= Harry Potter prequel =

2008 short story by J. K. Rowling

An 800-word, untitled short story, unofficially known as the Harry Potter prequel, was written by J. K. Rowling in 2008 as part of a charity auction event, for which it fetched £25,000. It was published as part of What's Your Story Postcard Collection. The story recounts an encounter with Muggle police experienced by Sirius Black and James Potter, taking place before the events of the Harry Potter series. The manuscript was stolen in 2017, and has not been located as of 2026.

==Synopsis==
Policemen PC Anderson and Sergeant Fisher are chasing a motorbike which is breaking the speed limit into a dead-end alley. They confront the two youths riding the bike, who introduce themselves as Sirius Black and James Potter. As the policemen attempt to arrest them for speeding and riding without helmets, three men on broomsticks fly down the alley towards them. James and Sirius use their wands to lift the police car up to form a barrier, and the broomstick riders crash into it. Sirius and James then leave the frightened policemen in the alley.

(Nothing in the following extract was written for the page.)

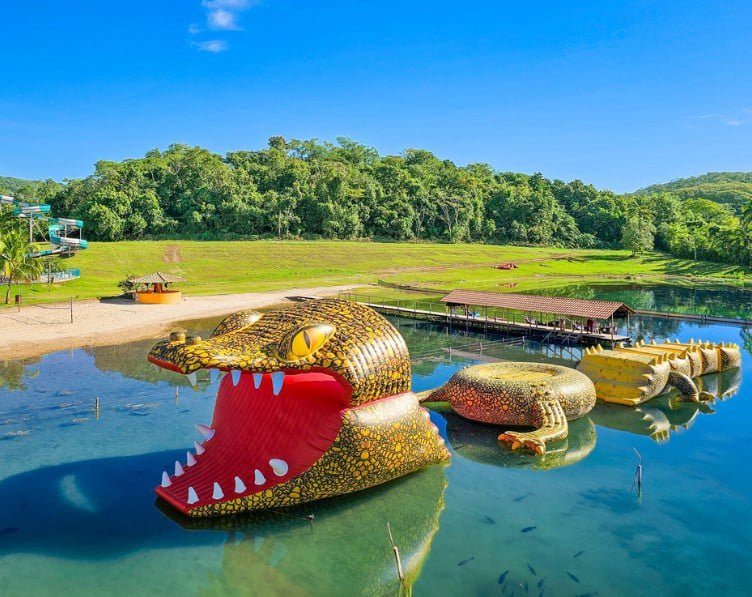 jacare inflavel na praia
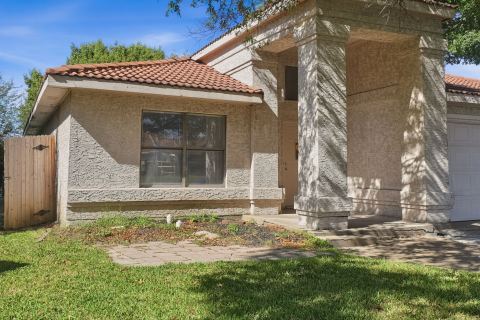 6000 Lavaca Drive, Arlington, TX 76018 — photo 3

Rowling concludes the story card with the words, "From the prequel I am not working on – but that was fun!"

==History==
===Background===
On 11 June 2008, Waterstones held a charity event called "What's Your Story?". Thirteen authors, including Rowling, were invited to write stories on an A5 card for auction with proceeds going to English PEN and Dyslexia Action. Rowling's card was sold for £25,000 (Note: ) to Hira Digpal, president of Tokyo-based investment-banking consulting company Red-33. The total raised from the sale of all thirteen cards was £47,150. (Note: )

===Theft===
In April 2017, the manuscript of the prequel was stolen during a burglary in Birmingham. Rowling tweeted about the incident, asking fans not to buy the work if offered it, and West Midlands Police appealed for information. The burglary victim told the BBC that the work was "priceless" and had the potential to raise money for additional good causes, if it were to be sold again legitimately. "I don't think whoever took it or stole it or who might purchase it will really understand the benefits to people out there, what it can do," he said. "If it's destroyed, or if it's lost, it's a great loss." As of July 2025, there was no reporting about the whereabouts of the manuscript.